= The Spectator Bird =

1976 novel by Wallace Stegner

First edition cover

The Spectator Bird is a 1976 novel by Wallace Stegner. It won the National Book Award for Fiction in 1977, one of the two most prestigious literary awards in the United States.

The book tells the story of retired literary agent Joe Allston, who receives a postcard from an old friend, a Danish countess named Astrid. Joe initially hides the postcard from his wife, Ruth. However, he soon reveals to her not only its existence but that of a diary Joe kept twenty years before, when Joe and Ruth met Astrid while visiting Denmark. The Allstons took the trip in the wake of the death of their only child, Curtis, with whom Joe fought constantly.

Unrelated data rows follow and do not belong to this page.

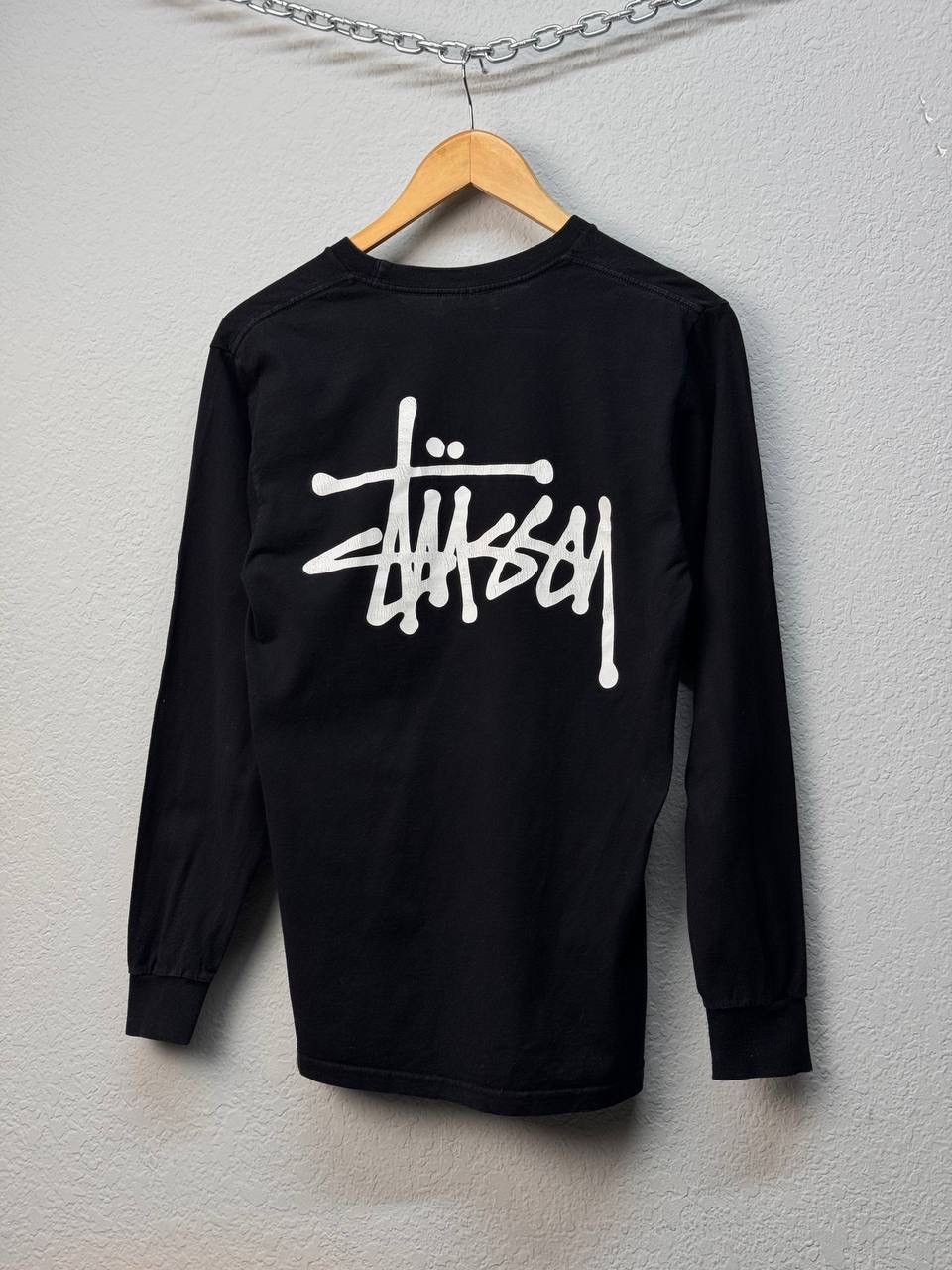 Stussy × Vintage Stussy All That Jazz Vintage Stickman Rasta Tee Size US S / EU 44-46 / 1 - 1 Thumbnail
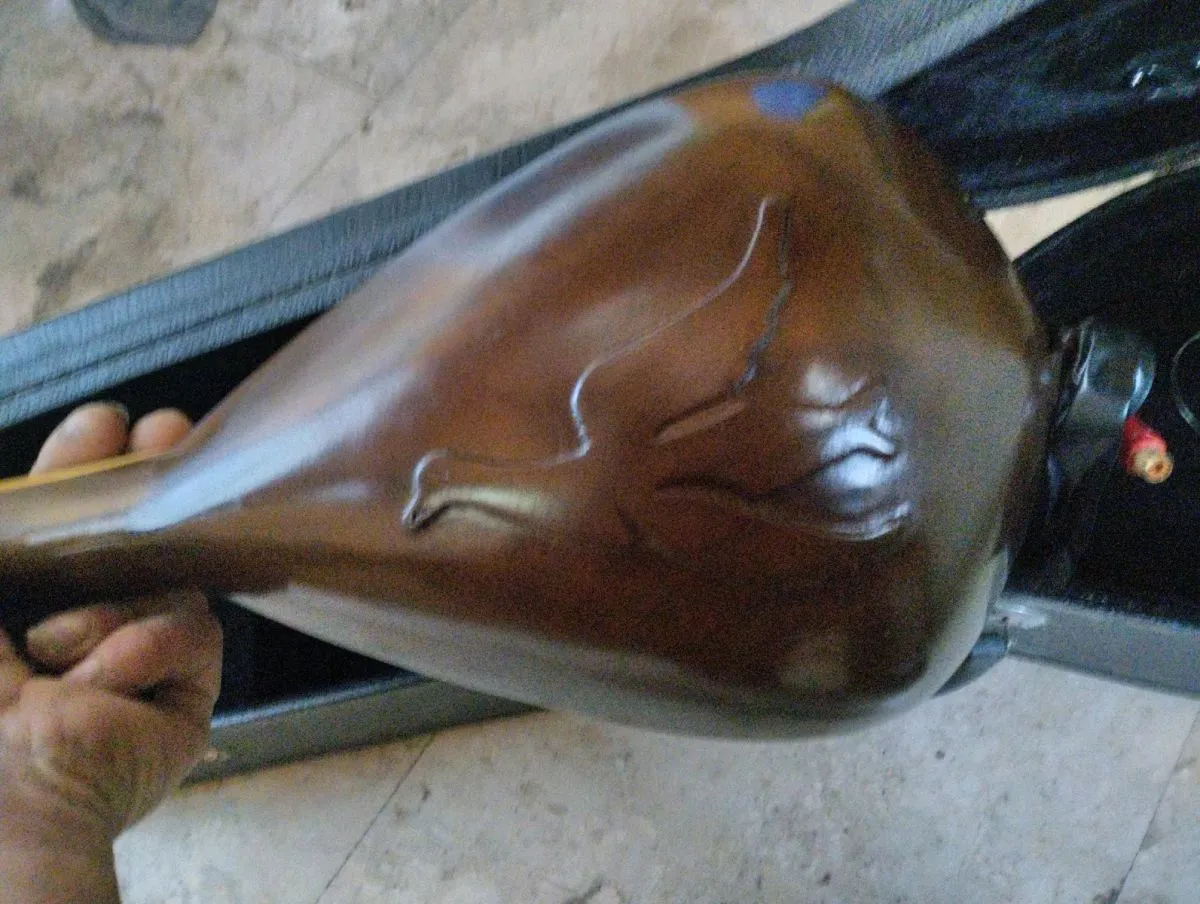 Κρητική λύρα Σταγάκης.. - Image 4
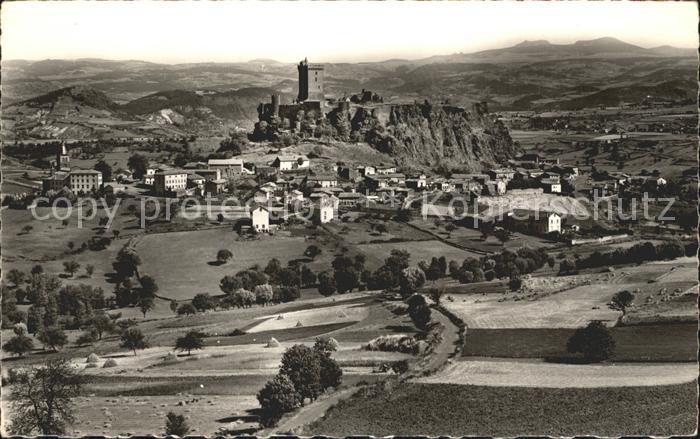 Polignac Haute-Loire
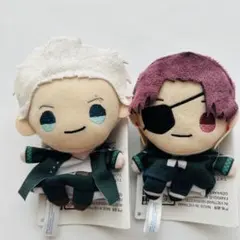 モフフサぬいぐるみ WIND BREAKER ウィンブレ 蘇枋隼飛 イタテリ屋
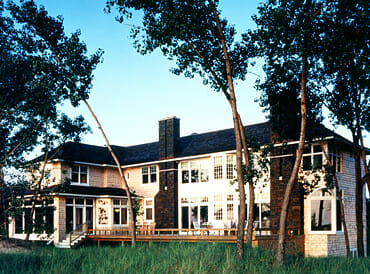 Belmont House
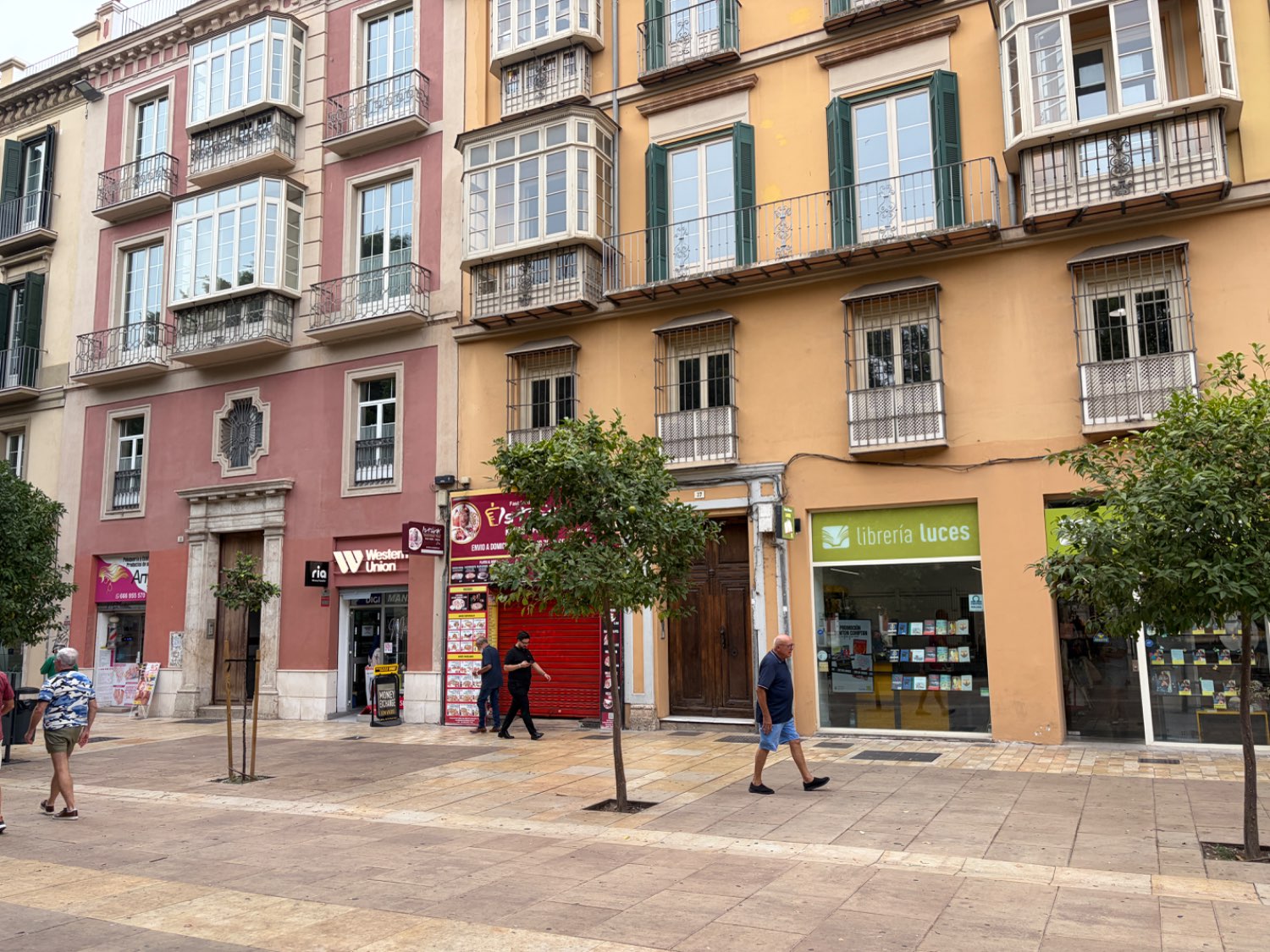 Business en lloguer in Centro histórico (Málaga)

Stegner moves the novel's narration back and forth between the present day, as Joe struggles with the physical and emotional degradations of older age, and Denmark, where Joe and Ruth get caught up in the strange, almost Gothic world of Astrid and her ostracized aristocratic family. It transpires that Joe became romantically involved with Astrid—to what degree Ruth hopes to find out—and still has unresolved feelings about her. The novel is both an intriguing, witty observation of Americans returning to the "old country" during post-World War II Europe, as well as a deep meditation on the blessings and frustrations of a long marriage.